Ministers' allowances was an administrative mess
The payment of an allowance equivalent to a proposed higher rate of MPs' honoraria to ministers and parliamentary secretaries was an administrative mess for which someone must be held responsible.
The mess on the salaries of ministers and parliamentary secretaries is not the Prime Minister’s own doing, of course. But this means that someone failed him badly and he has to take action against whoever it was.
As I see it, there were two separate decisions on ministers’ pay packet and MPs’ honoraria taken after the electoral victory of 2008.
The first decision was that ministers should be paid their salaries over and above the honoraria they received as MPs. I am in total agreement with this decision, not only for the reasons given by the Prime Minister. From experience, I know that when one became a minister, one had to give up all the income from his job or private practice for the difference between a minister’s salary and an MP’s honorarium. This made little sense.
In my days, I used to get some Lm3,500 as an MP and this was upped to some Lm7,000 when I became a minister – meaning I had to give up my private practice for Lm3,500 or thereabouts. Of course, I am speaking of 1987 money, but the point is still the same. Becoming a minister meant being given enormous responsibilities without being adequately compensated.

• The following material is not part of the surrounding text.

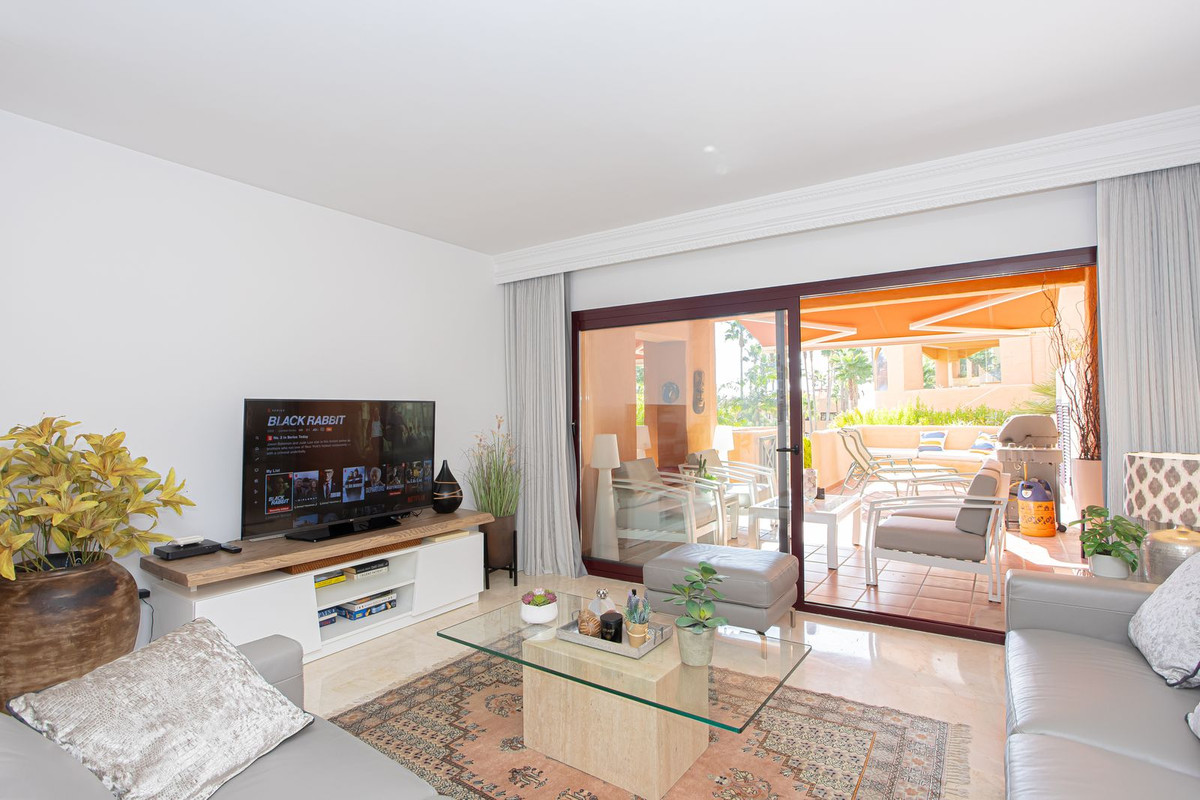 Apartamentos de 2 dormitorios en venta en Los Flamingos – R5176909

The other decision was to raise the level of the honorarium paid to MPs – a decision about which the Opposition was to be consulted. It seems that although it was very much aware of this decision – whatever it now says – the Opposition was never officially consulted about the proposed new level of the honorarium paid to MPs.
Meanwhile, the Treasury started paying an allowance to ministers and parliamentary secretaries (but not to the Speaker or to the Leader of the Opposition) above their normal salary and equivalent to the new proposed level of MP honorarium that was never implemented in the case of all other MPs! This incredible administrative mess made it to the light of public scrutiny (by coincidence or design) at a time when the rise for the cost of living was set at just €1.16 – something that has nothing to do with the two decisions taken almost two years before.
Humiliating as it was, the decision to ask ministers and parliamentary secretaries to refund the difference between the actual honorarium and the proposed higher level of honorarium was the decent thing to do in the circumstances.
But the Prime Minister was left carrying the can. He and the Minister of Finance are politically responsible for this mess.
The least he can do now is to ferret out who led the administration into this mess and take disciplinary measures against whoever is administratively responsible for it.